**DATA FOR PROCESSING**
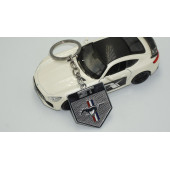 DK Ford Mustang Shelby GT Koşan At Logo Krom Metal Anahtarlık - 4
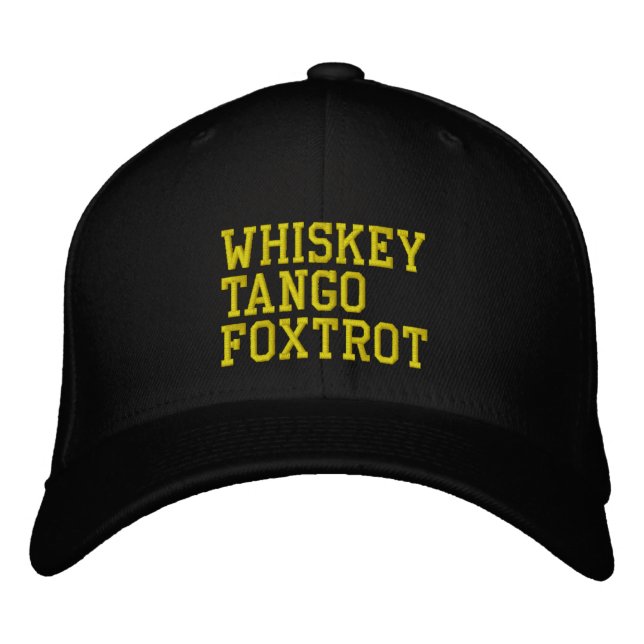 WhiskeyTangoFoxtrot Casquette (version militaire) (Devant)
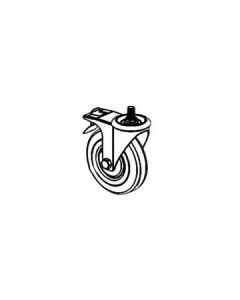 476004 CASTOR SWIVEL W/BRAKE CLUBMAN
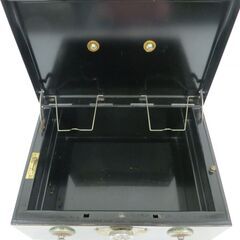 WAKO Alarm cash Box 金庫 No.8000 手提げ金庫 鍵あり キャッシュボックス 昭和レトロ の画像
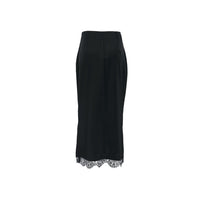 Elegant French Lace Stitching Skirt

**WHAT IS EXPECTED**
Copy out exactly the lines that run from the line containing "WhiskeyTangoFoxtrot Casquette (version" through the last line of the material, and nothing more; omit the pictures.

**RESULT OF THIS EXERCISE**
 WhiskeyTangoFoxtrot Casquette (version militaire) (Devant)
 476004 CASTOR SWIVEL W/BRAKE CLUBMAN
 WAKO Alarm cash Box 金庫 No.8000 手提げ金庫 鍵あり キャッシュボックス 昭和レトロ の画像
 Elegant French Lace Stitching Skirt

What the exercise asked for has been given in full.